ACTION ITEM
Reproduce exactly, and only, the lines below from the one containing "Chi ama la #birra fa la differenza …😇🍻☺️" through the one containing "#octoberfest https://t.co/yVfr5EC4mt".

SUPPLIED RECORDS

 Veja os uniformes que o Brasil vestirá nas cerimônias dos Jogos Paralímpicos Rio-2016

==

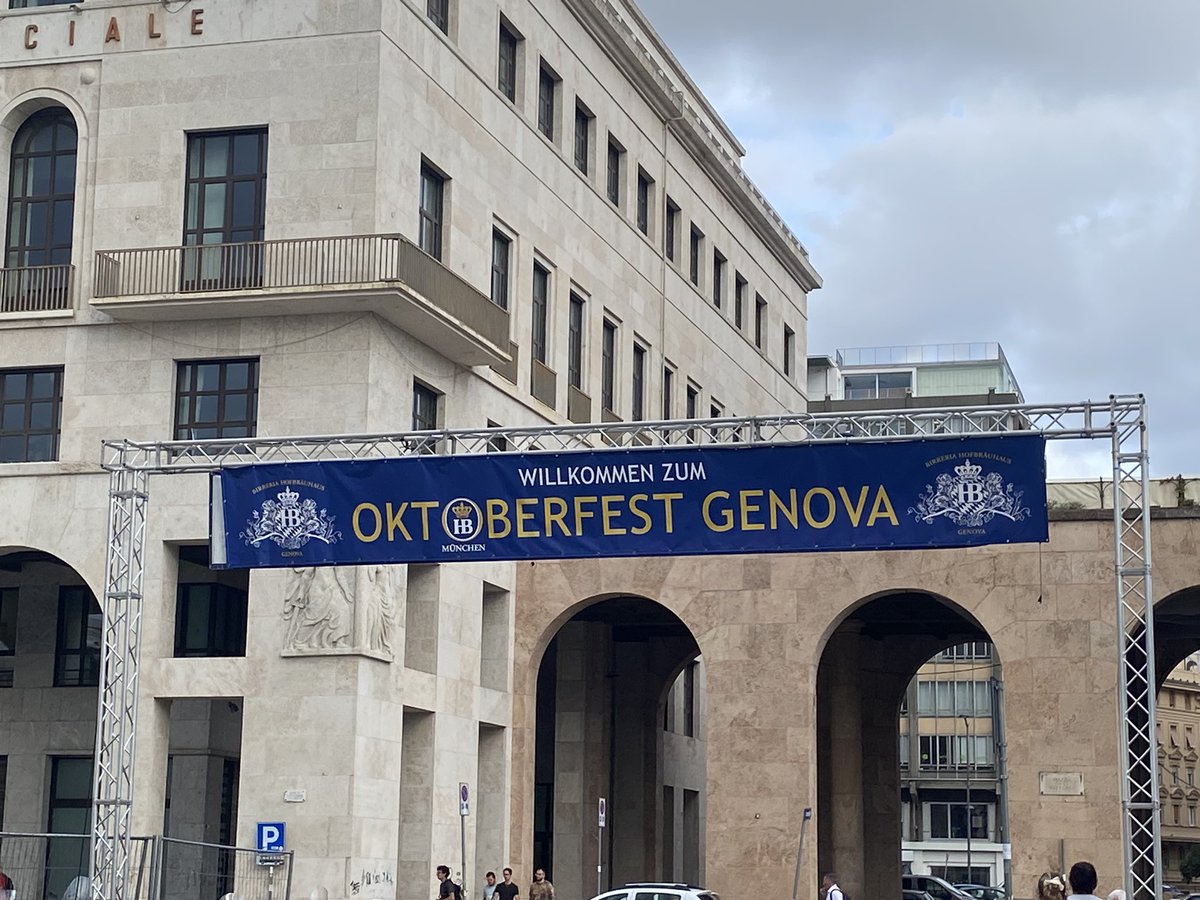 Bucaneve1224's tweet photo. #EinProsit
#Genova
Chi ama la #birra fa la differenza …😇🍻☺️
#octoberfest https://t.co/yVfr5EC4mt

* * *

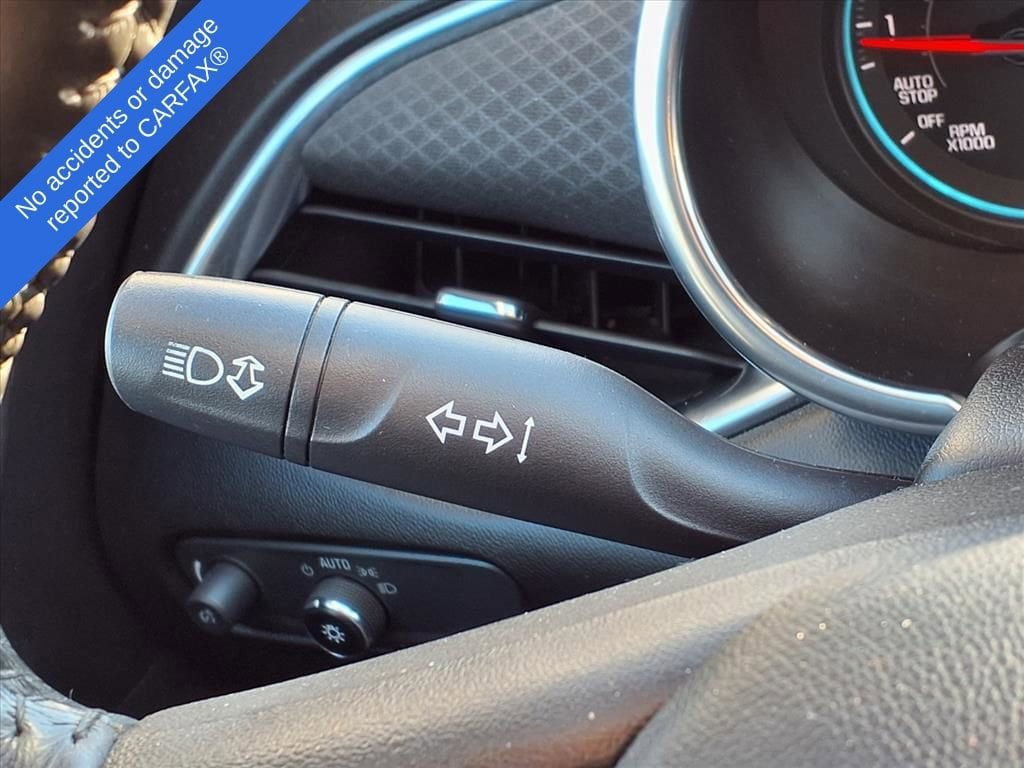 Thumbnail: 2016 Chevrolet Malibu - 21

TASK SOLUTION
Chi ama la #birra fa la differenza …😇🍻☺️
#octoberfest https://t.co/yVfr5EC4mt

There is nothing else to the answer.